Provare ad andare in un posto che non si conosce equivale a cercare di scoprire quello che non si conosce di sé ?

«Beh, ci sono dei viaggi che sono viaggi reali, nel quali fondamentalmente facciamo il viaggio di crescita, evoluzione personale, il viaggio che porta alla conoscenza (e chi lo fa mette in conto un rischio). E ci sono anche viaggi diversi e controproducenti, come quando il movimento è al contrario, è nel provare a controllare ossessivamente (come fa il padre del romanzo): ma quello non è più il viaggio; si può andare anche a vivere in Bulgaria, in Giappone, in Canada e restare però chiusi. È quel che è accaduto anche in tante migrazioni storiche. Se ci pensate anche nella migrazione degli italiani in America (ma vale per tanti altri Paesi), ovvero lo spostamento di genti che, arrivate in un posto per il desiderio di avere una vita migliore, si riducono ad un atteggiamento conservativo: sono talmente spaventate della vita di fuori da cercare di riprodurre i meccanismi e il contesto che avevano nel Paese di partenza. Condannandosi così a un destino fallimentare. Perché invece il mondo fuori è cambiato. Allora in quel caso quello non è un viaggiare, quello è uno spostamento geografico che non corrisponde al viaggiare».

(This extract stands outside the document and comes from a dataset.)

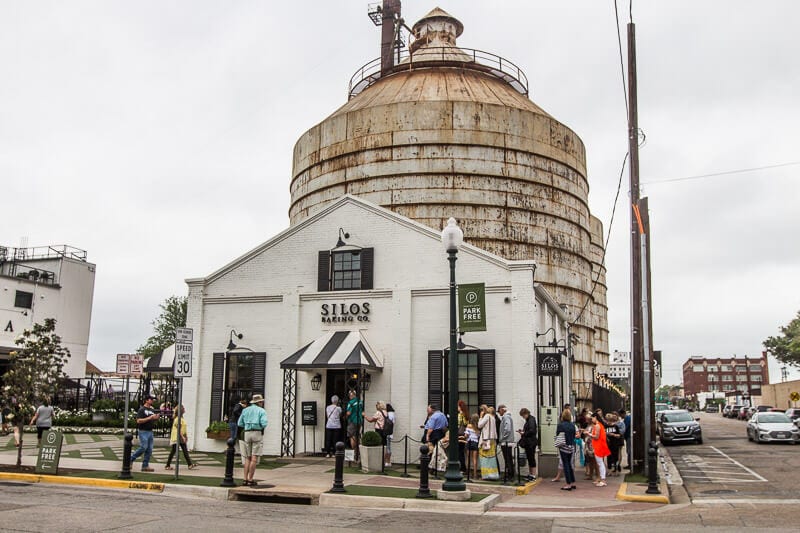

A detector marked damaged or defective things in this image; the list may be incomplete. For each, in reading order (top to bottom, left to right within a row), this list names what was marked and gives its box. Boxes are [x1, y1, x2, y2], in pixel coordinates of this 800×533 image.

Oggi le università e in generale il mondo della cultura degli States sono sotto attacco da parte del governo Trump: che sensazione le dà vivere nel Paese delle libertà dove gli spazi di libertà diventano di giorno in giorno più piccoli?

«È come se ci fosse un sentimento di abbandono complessivo. Si intuisce la percezione della fine della politica; dell’inesistenza della politica; dell’ingiustizia della politica. È come se i giovani fossero tutti dentro una sindrome da stress post traumatico. E questo stress, questo clima di sfiducia, naturalmente, colpisce ogni volta nuove generazioni. Questo senso molto forte del trauma e della necessità di provare a non soccombere, pone i ragazzi in una prospettiva molto diversa da quella che un tempo poteva essere una prospettiva di cambiamento profondo (pensiamo alla letteratura e alla musica di rivolta degli anni Sessanta) ed è però nello stesso tempo, un terreno che attrae i sistemi demagogici populisti conservatori. Sistemi che possono dare l’impressione di avere le risposte, le soluzioni: politici che dicono “venite con me, vi salverò io” e disorientano i giovani tagliando la realtà con l’accetta, appoggiandosi su vecchi valori inesistenti, peraltro inventati».

Le tre o quattro generazioni che lei vede in questo momento in America, mostrano una differenza abissale con le generazioni Usa degli Anni 60: allora si protestava… Oggi invece i ragazzi sembrano appiattiti.

«È preoccupante. Se pensiamo agli Stati Uniti, che sono un Paese fatto dagli stranieri, eppure oggi vedono crescere i sentimenti xenofobi, possiamo renderci conto che certi proclami, certe politiche trovano terreno fertile nel malcontento. La destra ci sguazza nelle situazioni di trauma. Il fatto che Trump stia di fatto rendendo dura la vita agli universitari stranieri che studiano negli Usa è foriero di un futuro spaventoso: in un Paese dove il sistema fondativo si basava sulle diversità, sull’apporto di tanti stranieri, tornano a prevalere reciproci pregiudizi molto conservatori. Gli spaventati dalla globalizzazione sono in ricerca di soluzioni facili, come la vecchia soluzione del nemico, identificato con lo straniero. Quello che è più preoccupante per me è il silenzio di gran parte delle forze progressiste negli Stati Uniti. Intanto le nuove generazioni di giovani americani (che già viaggiano poco) cresceranno senza il confronto con gli stranieri se glieli togli dalle università perché scappano o vengono cacciati. Trovo molto pericolosa questa abiura degli statunitensi alle proprie origini».